Recorded information:

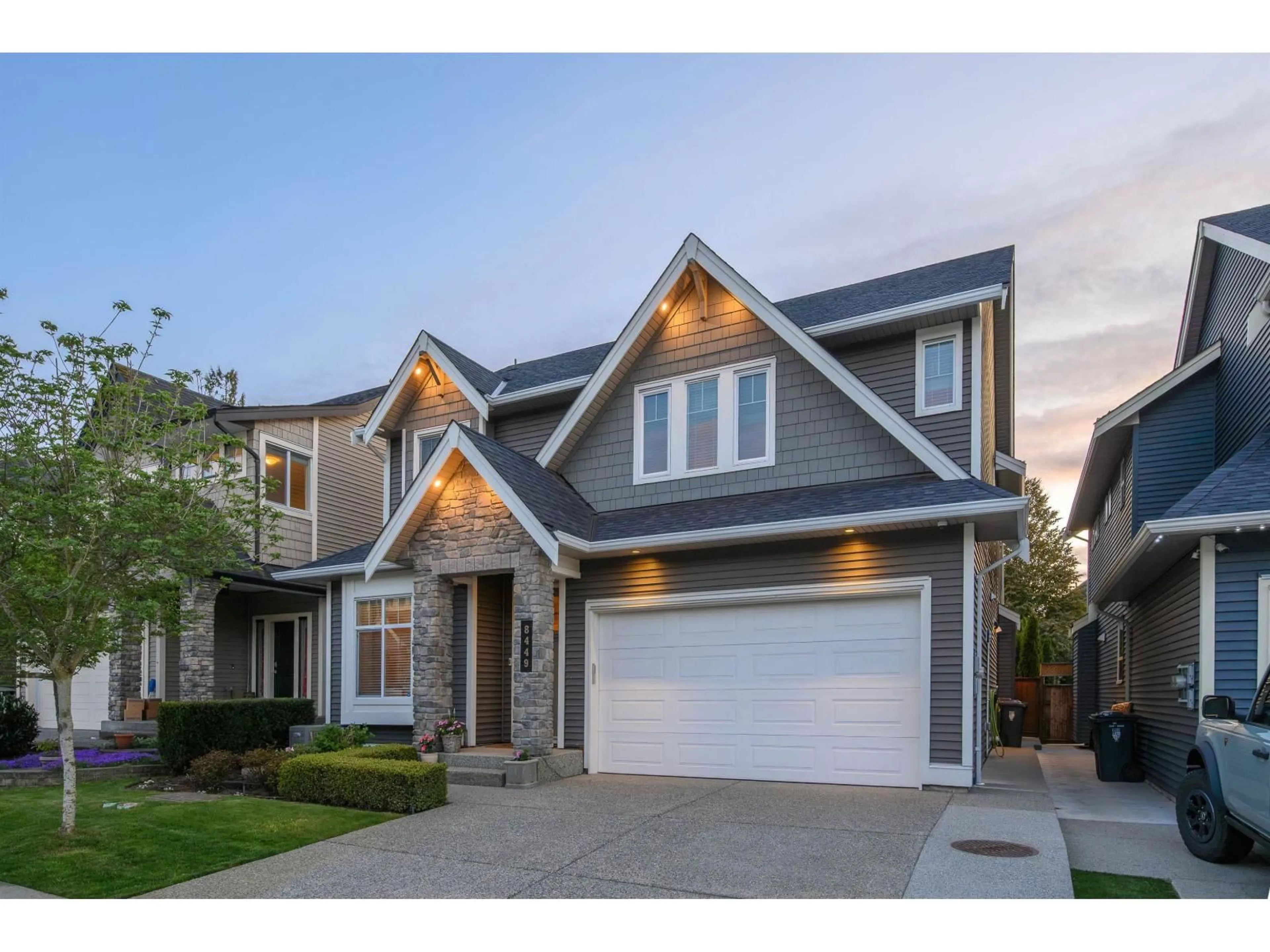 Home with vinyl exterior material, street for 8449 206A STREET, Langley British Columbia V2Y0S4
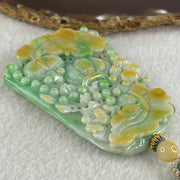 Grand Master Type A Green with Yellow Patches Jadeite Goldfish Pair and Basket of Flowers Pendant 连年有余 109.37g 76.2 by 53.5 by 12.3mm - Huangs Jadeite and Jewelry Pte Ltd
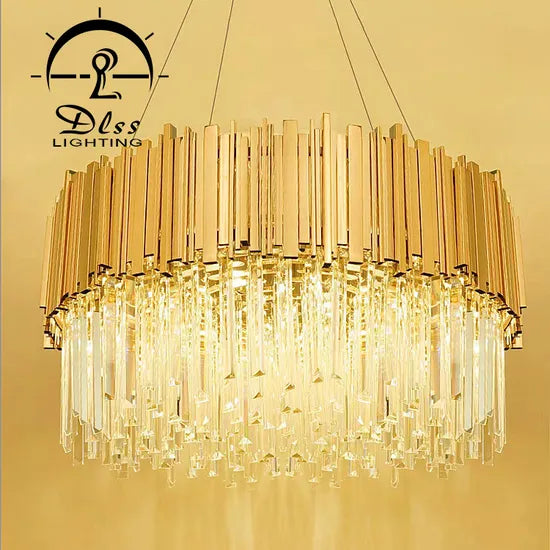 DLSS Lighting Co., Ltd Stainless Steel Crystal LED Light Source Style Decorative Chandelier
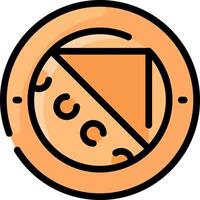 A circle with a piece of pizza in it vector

About this exercise: Restate word for word each line from the one containing "Grand Master Type" through the end of the material, pictures excluded.

Task solution:
 Grand Master Type A Green with Yellow Patches Jadeite Goldfish Pair and Basket of Flowers Pendant 连年有余 109.37g 76.2 by 53.5 by 12.3mm - Huangs Jadeite and Jewelry Pte Ltd
 DLSS Lighting Co., Ltd Stainless Steel Crystal LED Light Source Style Decorative Chandelier
 A circle with a piece of pizza in it vector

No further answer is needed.